Die Realität hinter den Zahlen

Die Hauptschule auf dem Weg zur Inklusion

Veröffentlicht das Schulministerium (MSW) Statistiken über den Stand der Inklusion, ist im Sekundarbereich immer nur zusammenfassend von der Sekundarstufe I die Rede. Während in allen anderen Bereichen konsequent nach Schulformen getrennt wird, geschieht dies hier nicht. Das lässt erahnen, dass es möglicherweise Ungleichgewichte gibt. Höchste Zeit, die Zahlen aufzuschlüsseln und das Bild ein wenig realitätsnaher zu zeichnen. Alle hier präsentierten Zahlen sind übrigens auf der Webseite des MSW zu finden, sie werden nur anders gewichtet.
Die Realität hinter den Zahlen

Foto: eyjafjallajokull/istock.de

Ab dem Schuljahr 2005/2006 haben die Hauptschulen mehr als die Hälfte aller Förderschüler*innen im Gemeinsamen Unterricht aufgenommen (vgl. Grafik). Der Rest verteilt sich auf zunächst drei, mittlerweile auf fünf Schulformen. Noch deutlicher wird es, wenn man die Gesamtschüler*innenzahl, die Anzahl der Schulen und der aufgenommenen Förderschüler*innen ins Verhältnis setzt (vgl. Tabelle).
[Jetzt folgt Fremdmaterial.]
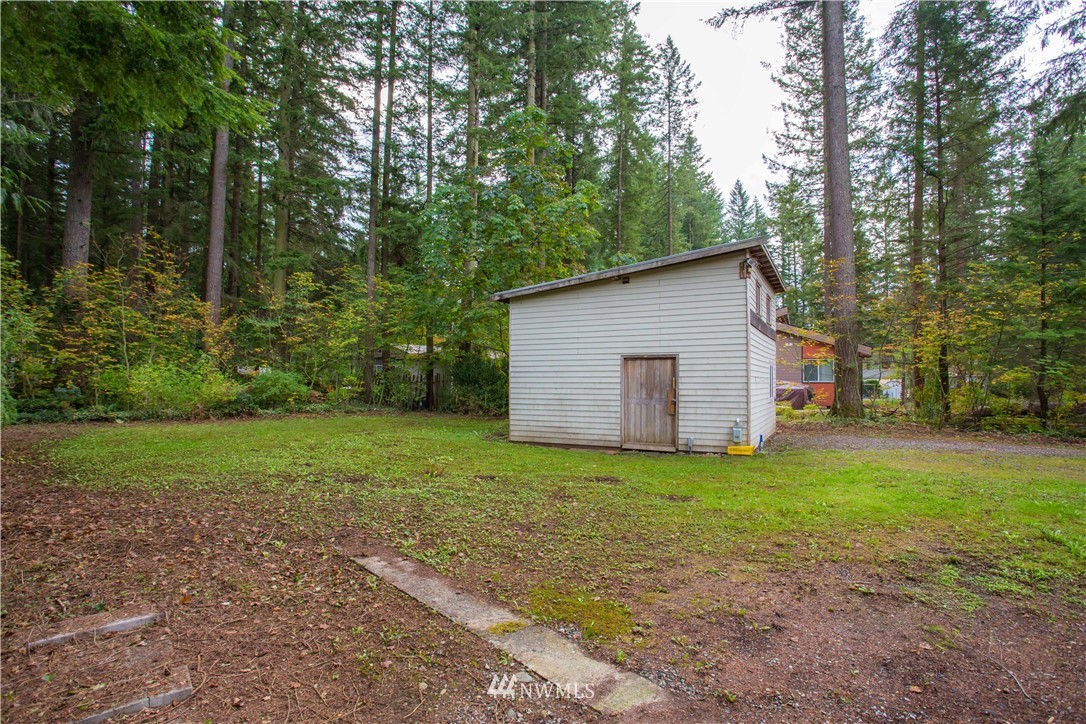 6161 Shamrock Road Maple Falls, WA 98266 - Photo 11 of 24 Gallery Image 11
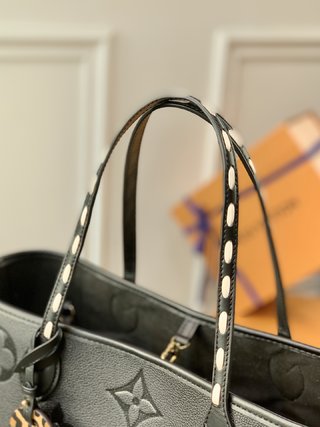 Replica Louis Vuitton Neverfull Handbags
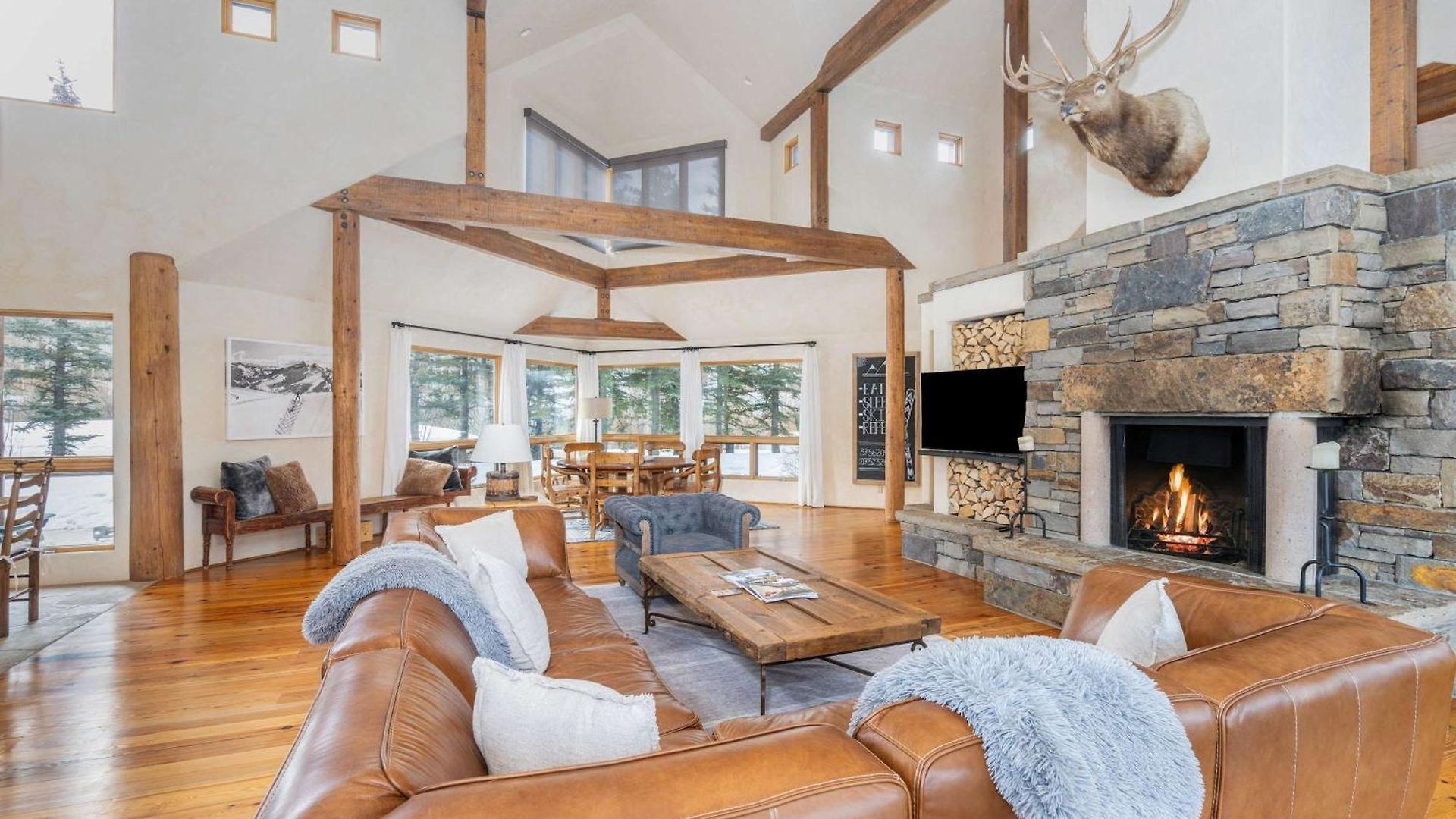 Spacious Retreat With Private Hot Tub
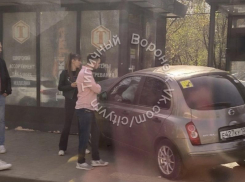 Автомобилистка влетела в табачный киоск в Воронеже – опубликовано фото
Die Statistik verrät noch mehr: Zum Beispiel sind in den Hauptschulen fast 60 Prozent der Schüler*innen mit dem Förderbedarf Emotionale und Soziale Entwicklung (ES) der in der Tabelle aufgeführten Schulformen.

Kräftezehrende Praxis
Die täglich erlebten Folgen für die Hauptschulen sind immens: Mehr als die Hälfte aller Hauptschulen arbeitet im Gemeinsamen Unterricht, mehr als die Hälfte aller Förderschüler*innen des Gemeinsamen Unterrichts sind an den Hauptschulen. Wenn man dann noch weiß, dass über zwei Drittel aller Hauptschulen in NRW entweder nicht die geforderte Mindestzügigkeit haben oder sich schon in Auflösung befinden, erkennt man die Dramatik der Situation: Da an den Sekundar- und den Gesamtschulen vorgezogene Anmeldeverfahren laufen, drängen alle „übrig gebliebenen“ Förderschüler*innen (hauptsächlich mit Förderbedarf ES) aus dem Gemeinsamen Unterricht der Grundschulen in die Hauptschulen. An vielen Hauptschulen gibt es in den unteren Jahrgängen jedoch nur ein oder zwei Klassen, eine Aufteilung von Schüler*innen ist kaum möglich. Ungeklärt ist die Frage, wie viele Förderschüler*innen in einer Klasse sein dürfen. Vier, sechs, acht von wie viel Regelschüler*innen? Wie kann und soll eine Förderung der Regelschüler*innen stattfinden, wenn zum Beispiel mehrere Schüler*innen mit Förderbedarf ES in einer Klasse fast die gesamte Kraft kosten? Wie kann eine sinnvolle Förderung geschehen, wenn Sonderpädagog*innen in mehreren Schulen gleichzeitig tätig sind? In der überwiegenden Zahl der Unterrichtsstunden sind die Hauptschullehrer*innen völlig allein und nach Schulschluss am Ende ihrer Kräfte. Woher sollen sie auch die Kraft und die Geduld nehmen angesichts dieser Herausforderungen?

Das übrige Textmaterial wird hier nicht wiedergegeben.